Your objective
Reproduce exactly the lines below from the one containing "Audi A4 S4 B7" through the one containing "Geleneksel Bulgar yemeği, Shopska", including both, and nothing else.

Records supplied
╔══

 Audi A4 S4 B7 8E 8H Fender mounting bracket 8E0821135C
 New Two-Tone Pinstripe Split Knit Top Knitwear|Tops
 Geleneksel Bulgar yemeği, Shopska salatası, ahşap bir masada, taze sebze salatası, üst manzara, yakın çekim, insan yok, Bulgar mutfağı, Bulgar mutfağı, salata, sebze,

╚══
╔══

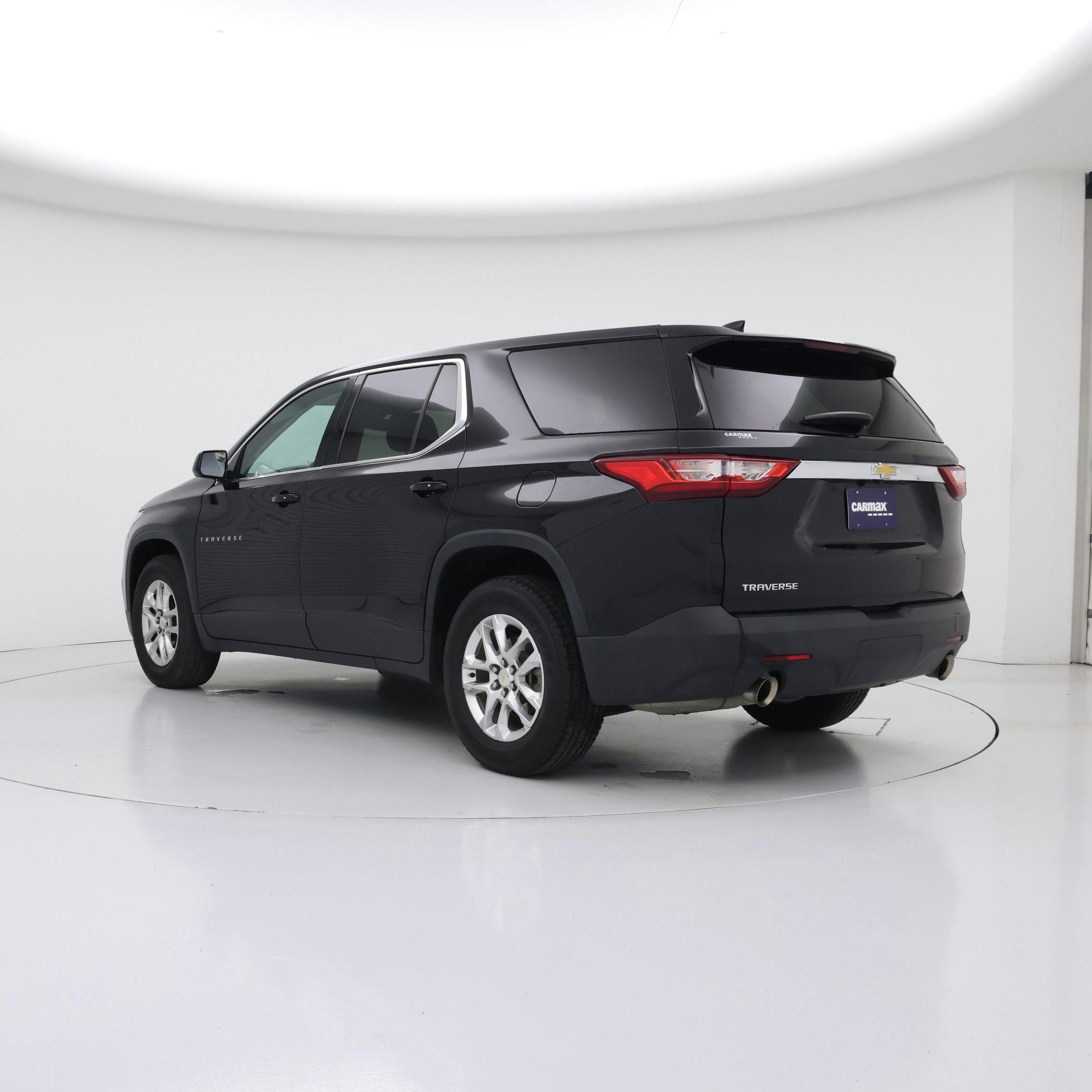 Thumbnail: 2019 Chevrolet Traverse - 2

╚══
╔══

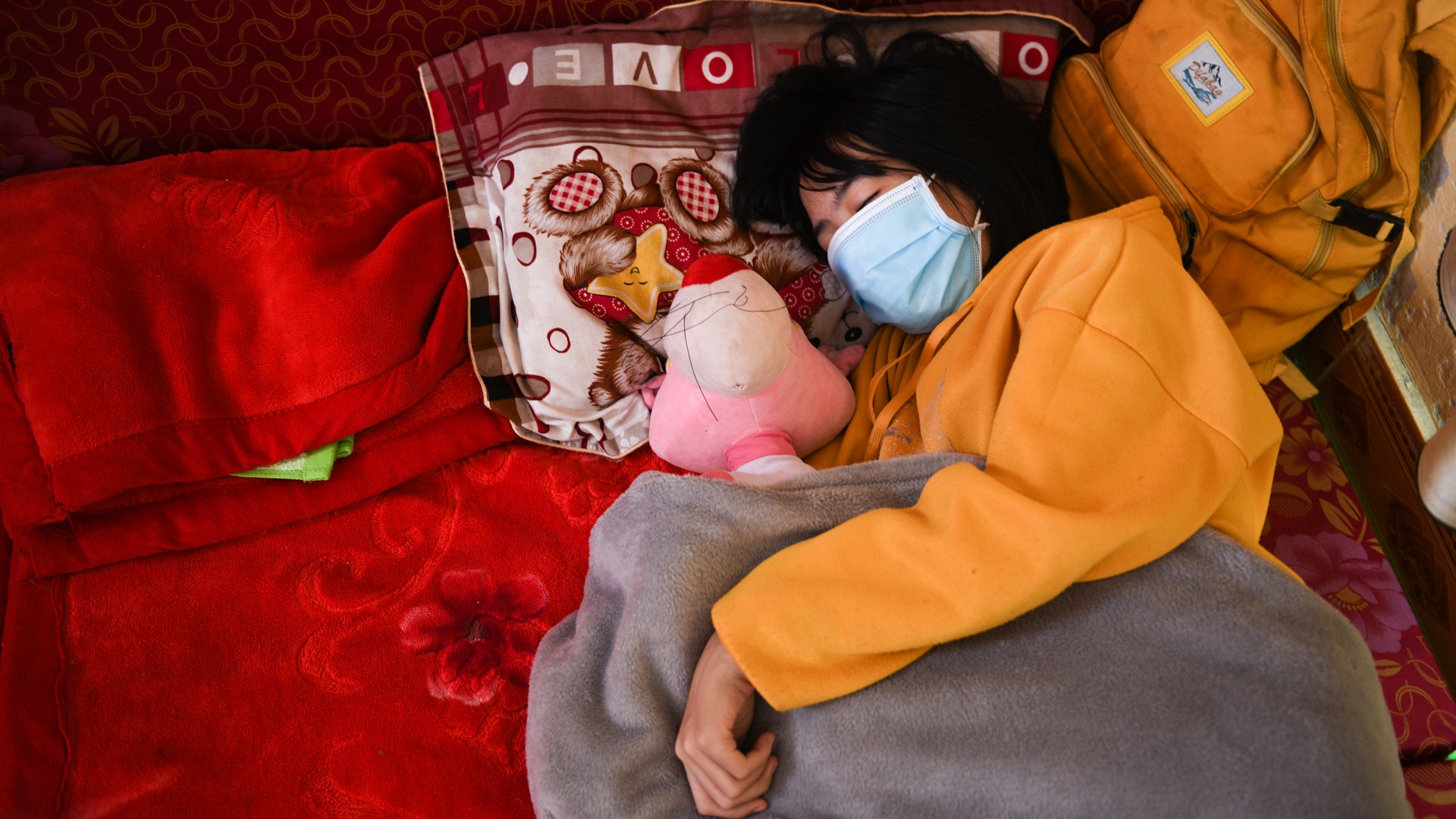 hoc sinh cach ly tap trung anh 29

╚══

Result
 Audi A4 S4 B7 8E 8H Fender mounting bracket 8E0821135C
 New Two-Tone Pinstripe Split Knit Top Knitwear|Tops
 Geleneksel Bulgar yemeği, Shopska salatası, ahşap bir masada, taze sebze salatası, üst manzara, yakın çekim, insan yok, Bulgar mutfağı, Bulgar mutfağı, salata, sebze,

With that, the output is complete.